In an individual node implementation, the BOS 110/210 can return to step 415 to receive responses from additional seed nodes S that they have recreated the firmware image. In some embodiments, the seed nodes S provide the patch image to the non-seed nodes N, which then generate the complete image individually.
FIG. 5 shows a process for a seed node S for updating devices on a network using patch images. The seed node S can first determine if a patch has been received from the BOS 110/210 (step 500). If a patch image is received, the seed node S generates the full image (step 505). Next, the seed node S determines if the seed node is able to generate the full image (step 510). If the seed node S is unable to generate the full image (e.g., there was a communication error in receiving the patch image), the seed node S can find another seed node S, and can obtain the patch image from that seed node S (step 515) to attempt to generate the full image (step 505) again.
Once the seed node S has generated the full image, the seed node S sends a communication to the BOS 110/210 that the full image has been generated (step 520). Then, while the BOS 110/210 informs other nodes N on the network that the full image is available, the seed node S waits to receive a request for the full image from another node N (step 525). When a request is received, the seed node S transmits the full image to the requesting node N (step 530).
In some embodiments, the seed node S does not recreate the full image, instead the seed node S transmits the patch image to the other nodes N, and the other nodes N each recreate the full image on their own.
In an alternative embodiment, the seed node S pushes the regenerated full image to other nodes N on the network. After the full image is determined to be ready (step 510), the seed node S transmits (via unicast or broadcast messages) the full image to nodes N in its area (step 530).
FIG. 6 shows a process for updating a node N on a network. The node N can first receive a message from the BOS 110/210 that an update image is available (step 600). The node N then locates a seed node S having the update image (step 605). Once the seed node S is located, the node N requests the update image from the seed node S (step 610). The node N then receives the update image from the seed node S, and updates its firmware image (step 615).
As described in the '741 Patent, the node N looks for the update image in a plurality of neighbor nodes, requesting the update image from a successively larger number of neighbor nodes N when the update image is not located at one of the neighbor nodes N.
FIG. 7 shows an alternative process for updating devices on a network using patch images. When an update to a firmware image is needed, a patch image is generated (step 700). The image can be generated by the BOS 110/210 or can be generated remotely and supplied to the BOS 110/210. Next, the BOS 110/210 transmits a message containing the patch image, along with overhead information, to the networks W1, W2, etc. (step 705). The transmission can be a unicast message (i.e., an individual message sent to each device M individually) or can be a broadcast message (i.e., one message sent to all the devices M simultaneously). The broadcast message can include information on the type of firmware/hardware the patch image is for, enabling devices M to determine if the message is intended for them.
The devices M determine if a patch has been received from the BOS 110/210 (step 710). If a patch image intended for the device M is received, the device M generates the full image (step 715). Next the device M determines if it is able to generate the full image (step 720). If the device M is unable to generate the full image (e.g., there was a communication error in receiving the patch image), the device M finds another device M (or the BOS 110/210) that has the patch, and obtains the patch image from that device M (step 725). The device M then attempts to generate the full image (step 720) again. Once the device M has generated the full image, the device M begins using the update image (step 730).
In some embodiments, nodes N download the image in chunks from multiple seed nodes S, thereby speeding up the download process.
Various features and advantages of the invention are set forth in the following claims.

Claims

What is claimed is:

1. A method of distributing information to a plurality of nodes in a network, the method comprising:

selecting a node of the plurality of nodes as a seed node;

providing a patch image to the seed node;

creating, by the seed node, a second image from the patch image; and

disseminating the second image to a plurality of neighbor nodes.

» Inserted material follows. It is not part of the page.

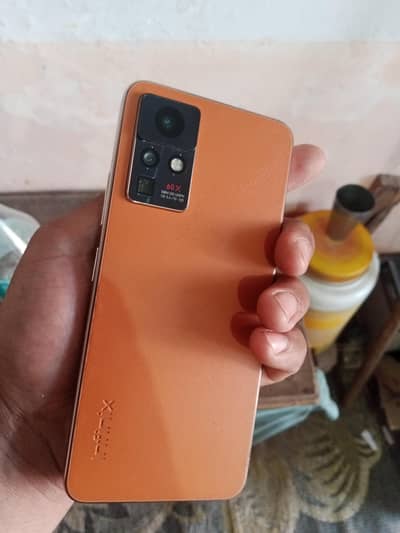 mobile phone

2. The method of claim 1, further comprising sending, by the seed node, an indication that the second image has been created.

3. The method of claim 2, further comprising sending a notification message from a central location that the seed node has the second image available.

4. The method of claim 1, further comprising sending an information transfer request from each non-seed node to an established number of neighbor nodes.

5. The method of claim 4, further comprising sending the information transfer request to a successively larger number of neighbor nodes when the second image is not located at one of the neighbor nodes.

6. The method of claim 1, wherein the second image is a complete firmware image, and the patch image is substantially smaller than the second image.

7. The method of claim 1, wherein the seed node pushes the second image to a plurality of neighbor nodes.

8. The method of claim 1, wherein the plurality of nodes are electric utility meters.

9. The method of claim 1, wherein the second image is the patch image, the plurality of nodes creating a complete image from the second image.

10. The method of claim 1, wherein the second image is a firmware image.

11. The method of claim 1, wherein a non-seed node obtains portions of the second image from a plurality of seed nodes.

12. A method of distributing information to a plurality of nodes in a network, the method comprising:

receiving a first patch image by a first node of the plurality of nodes, the first node having a first firmware type;

building, by the first node, a first complete image using the first patch image;

informing the plurality of nodes that the first complete image is available;

receiving a request for the first complete image from another of the plurality of nodes; and

sending the first complete image from the first node to the node which requested the first complete image.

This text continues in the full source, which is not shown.